2019 B.S., Geographic Information Science, Sun Yat-Sen University, Guangzhou, China
Since graduating from Sun Yat-Sen University, Shengjie Liu has spent the last two years at The University of Hong Kong as a research assistant in the Department of Physics. His work has been in the investigation of light pollution, examining the link between satellite-observed night lights and night sky brightness.
He also has worked at OneSpace Technology in Chongqing, China, as a remote sensing engineer. In that role, he applied satellite data to map crop types and assess water and air quality.
His publications include:
Liu, S., Shi, Q., and Zhang, L., 2020. Few-shot Hyperspectral Image Classification with Unknown Classes Using Multitask Deep Learning. IEEE Transactions on Geoscience and Remote Sensing, Early Access, 2020. doi:10.1109/TGRS.2020.3018879.
Liu, S., Luo, H., and Shi, Q., 2020. Active Ensemble Deep Learning for Polarimetric Synthetic Aperture Radar Image Classification. IEEE Geoscience and Remote Sensing Letters, Early Access, 2020. doi:10.1109/LGRS.2020.3005076.
Liu, S., and Shi, Q., 2020. Local Climate Zone Mapping as Remote Sensing Scene Classification Using Deep Learning: A Case Study of Metropolitan China. ISPRS Journal of Photogrammetry and Remote Sensing, 164, 229242, 2020. doi:10.1016/j.isprsjprs.2020.04.008.
Liu, S., and Shi, Q., 2020. Multitask Deep Learning with Spectral Knowledge for Hyperspectral Image Classification. IEEE Geoscience and Remote Sensing Letters, Early Access, 2020. doi:10.1109/LGRS.2019.2962768.

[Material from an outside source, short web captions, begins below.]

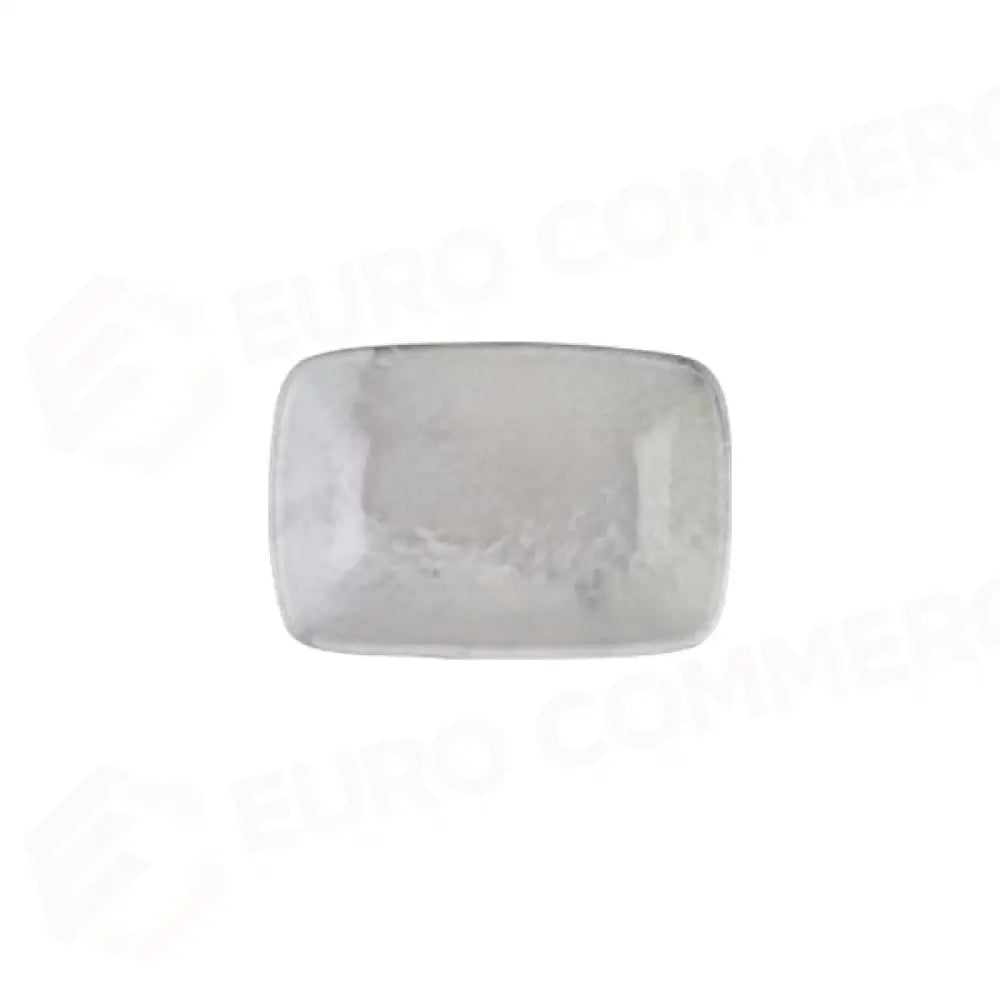 SURF QUADRO RETTANGOLARE PIATTO 18 CM (17 * 12) - 20265-153118 - ID FINE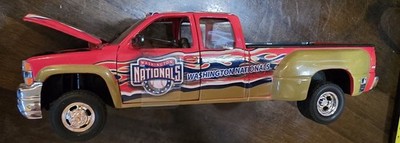8½'' Washington Nationals Silverado 1:27 Diecast Baseball Toy Vehicle 2006 Truck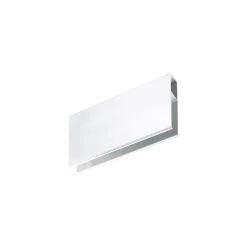 Linus linear wall | black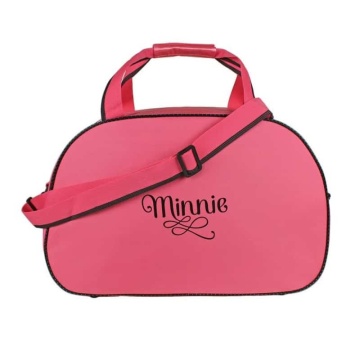 Geanta sport Disney Minnie Mouse - 39 cm - Img 2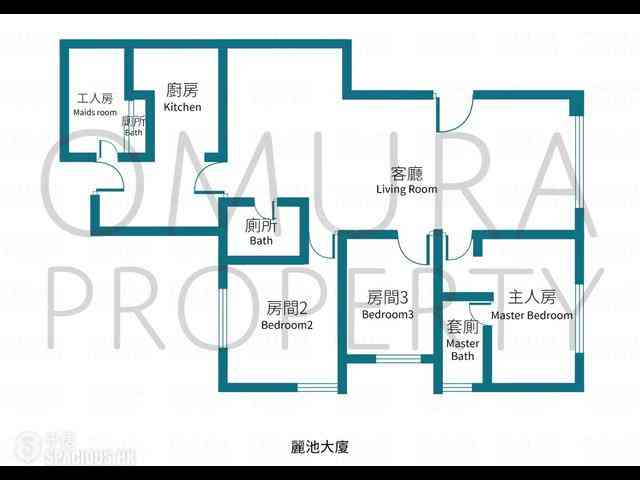 Quarry Bay - Ritz Garden Apartments 03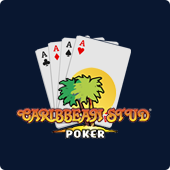 Caribbean Stud poker graphic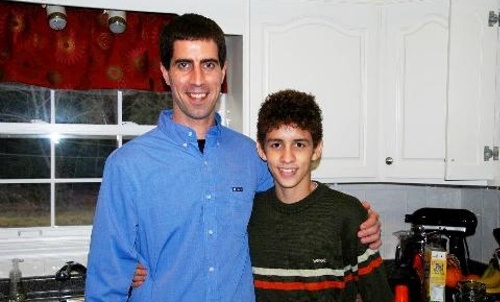 Franco Batistuta conoció a su donante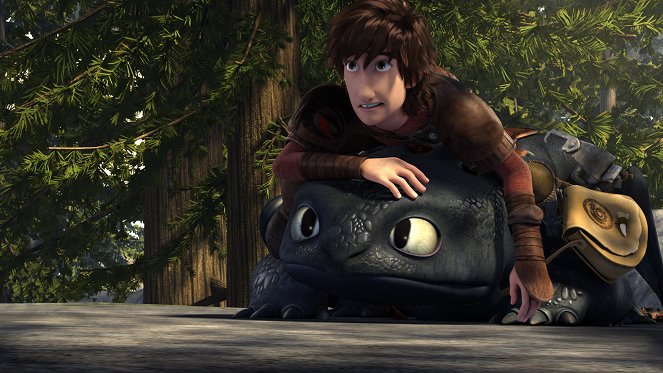 DreamWorks Dragons: Auf zu neuen Ufern - Die Katastrophalen Kiesklopse - Filmfotos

Liu, S., Qi, Z., Li, X., and Yeh, A.G.O., 2019. Integration of Convolutional Neural Networks and Object-Based Post-Classification Refinement for Land Use and Land Cover Mapping with Optical and SAR Data. Remote Sensing, 11(6), p.690. doi:10.3390/rs11060690.
In the Population, Health and Place program, Shengjie wants to study environmental health problems, including urban heat, light pollution and air pollution to analyze their impacts on residents’ physical and mental health. He is also interested in exploring the way in which high-rise and low-rise built environments affect people’s health, especially during the pandemic.